Your goal - Below are entries; repeat exactly, and nothing else, the lines from the one holding "OldCobbler 19 CHANEL FLAP BAG 0212" through the one holding "Spanish Style Hollywood House — photo 8", inclusive. Leave the pictures out.
Start of Material for this exercise
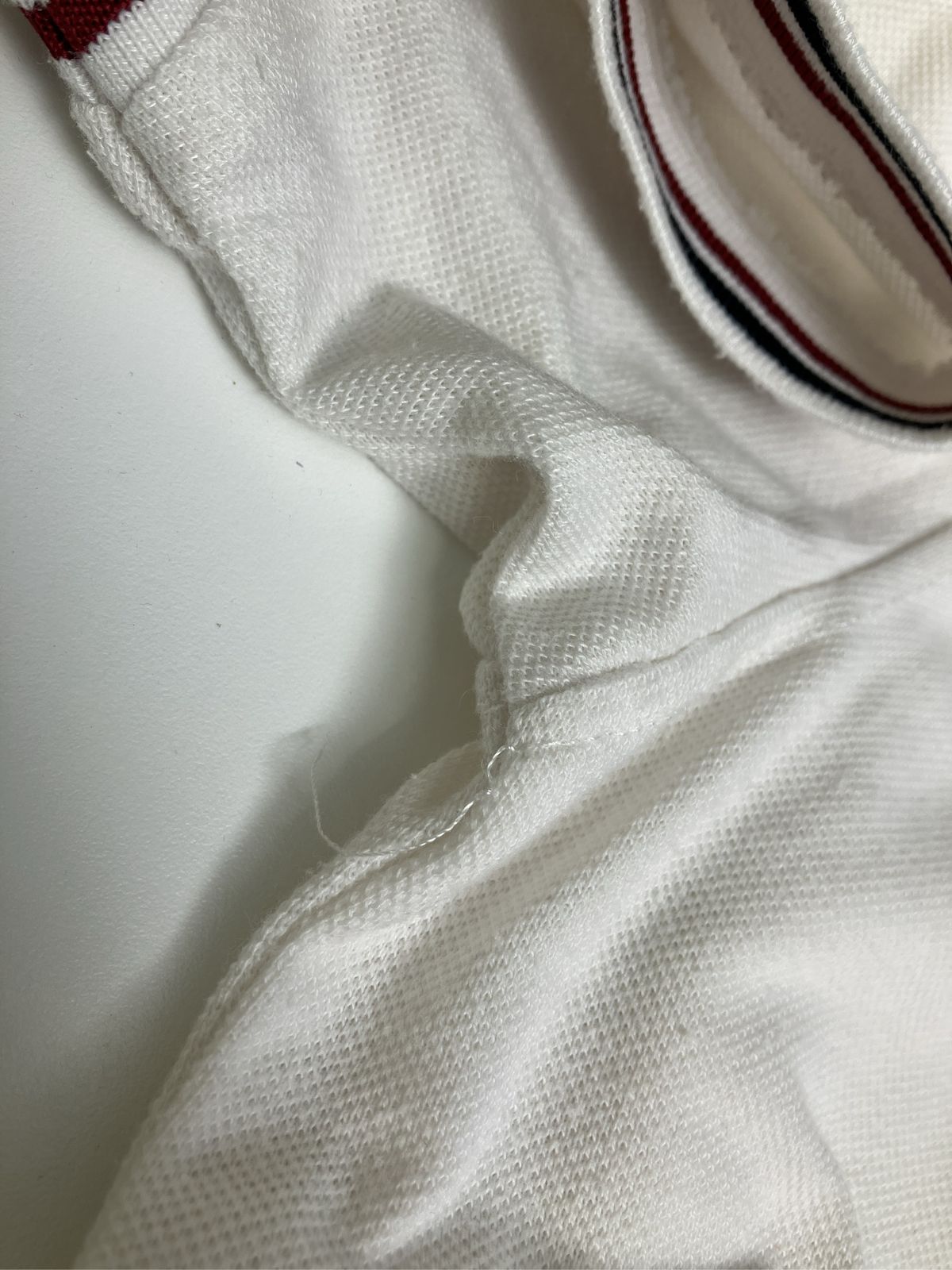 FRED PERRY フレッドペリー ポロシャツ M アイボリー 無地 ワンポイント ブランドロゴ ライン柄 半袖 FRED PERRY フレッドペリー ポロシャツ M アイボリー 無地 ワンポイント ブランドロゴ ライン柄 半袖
End of Material for this exercise
Start of Material for this exercise
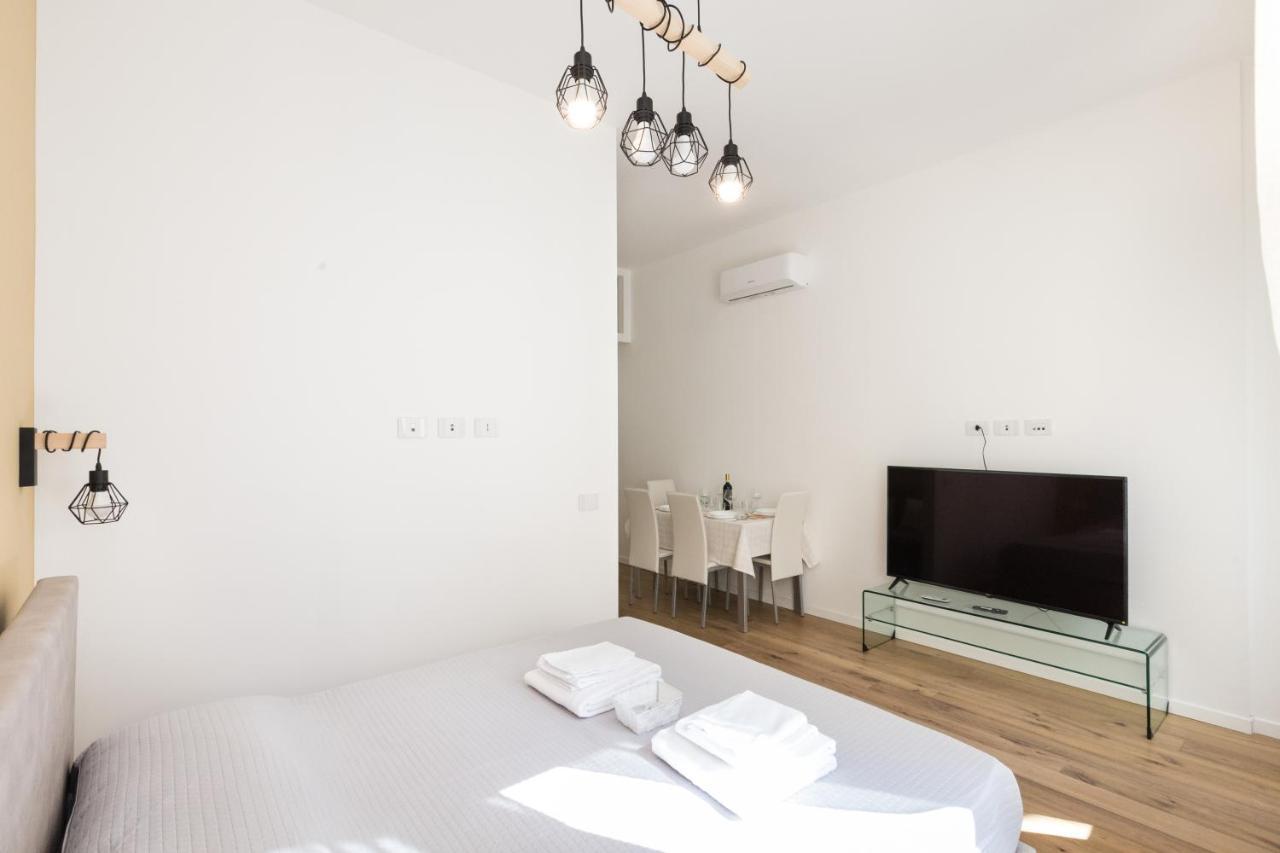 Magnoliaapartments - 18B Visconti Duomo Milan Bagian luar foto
End of Material for this exercise
Start of Material for this exercise
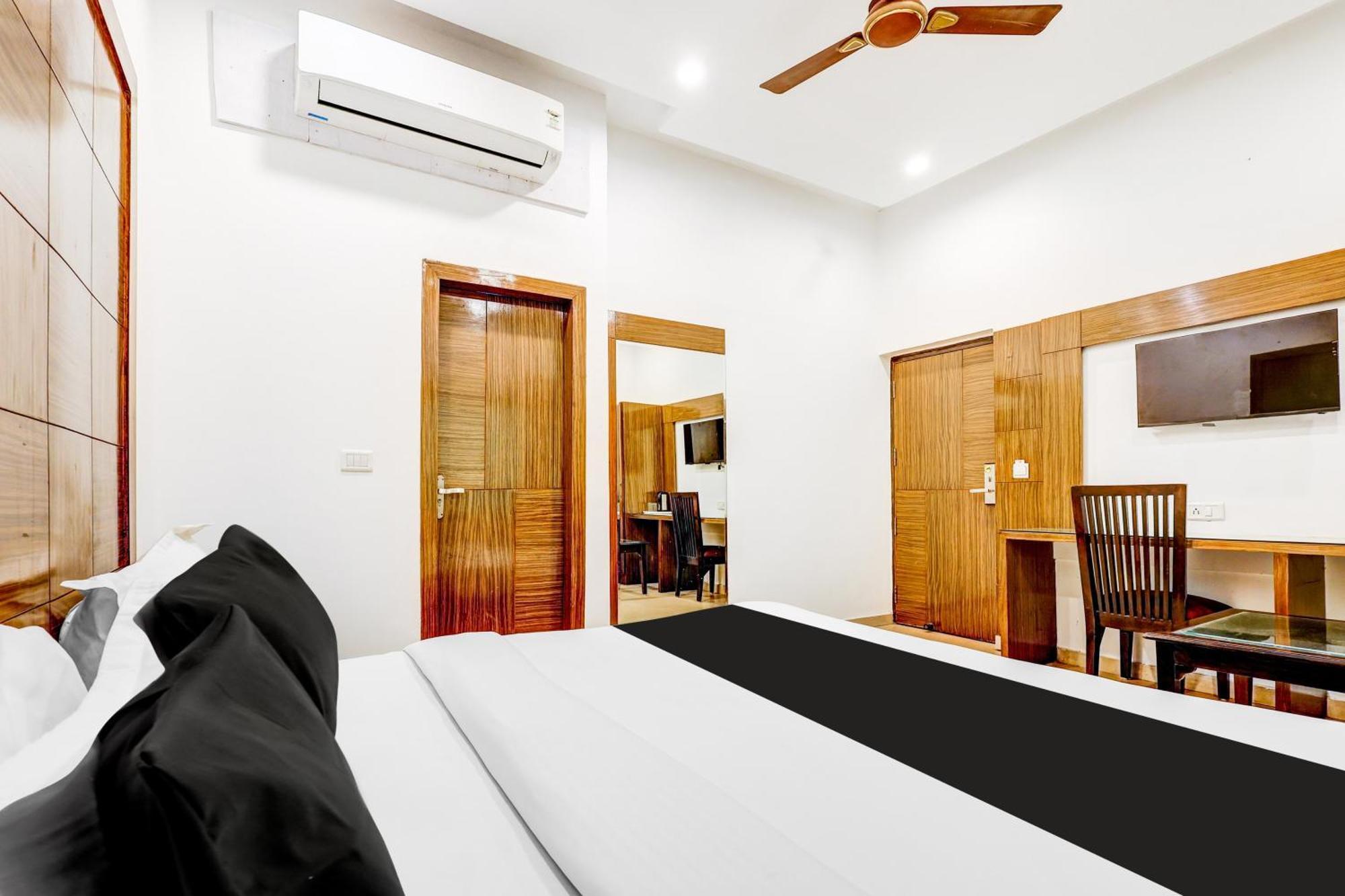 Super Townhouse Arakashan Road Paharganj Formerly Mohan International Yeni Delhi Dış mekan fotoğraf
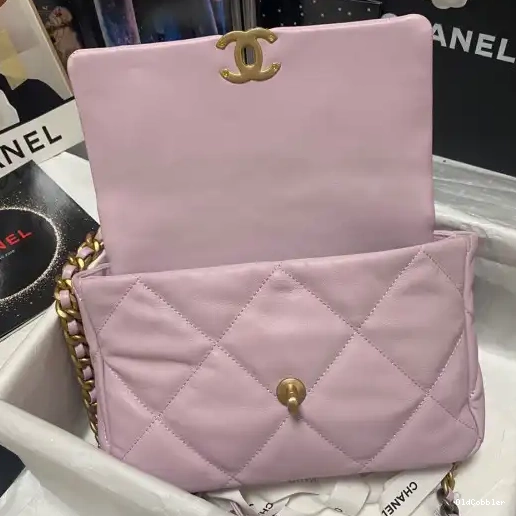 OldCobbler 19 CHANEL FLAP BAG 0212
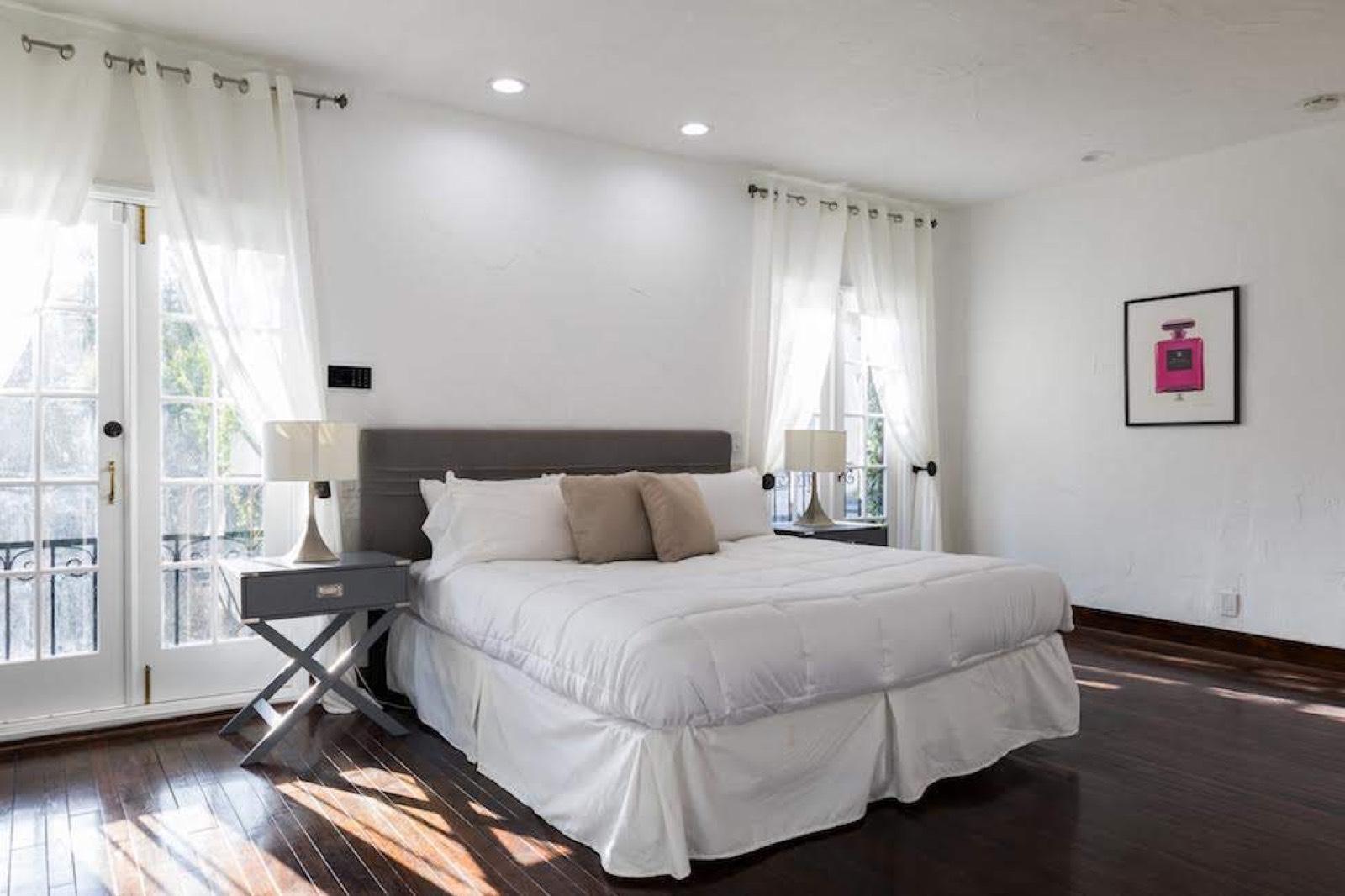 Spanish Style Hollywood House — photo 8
End of Material for this exercise
Result of this exercise -
 OldCobbler 19 CHANEL FLAP BAG 0212
 Spanish Style Hollywood House — photo 8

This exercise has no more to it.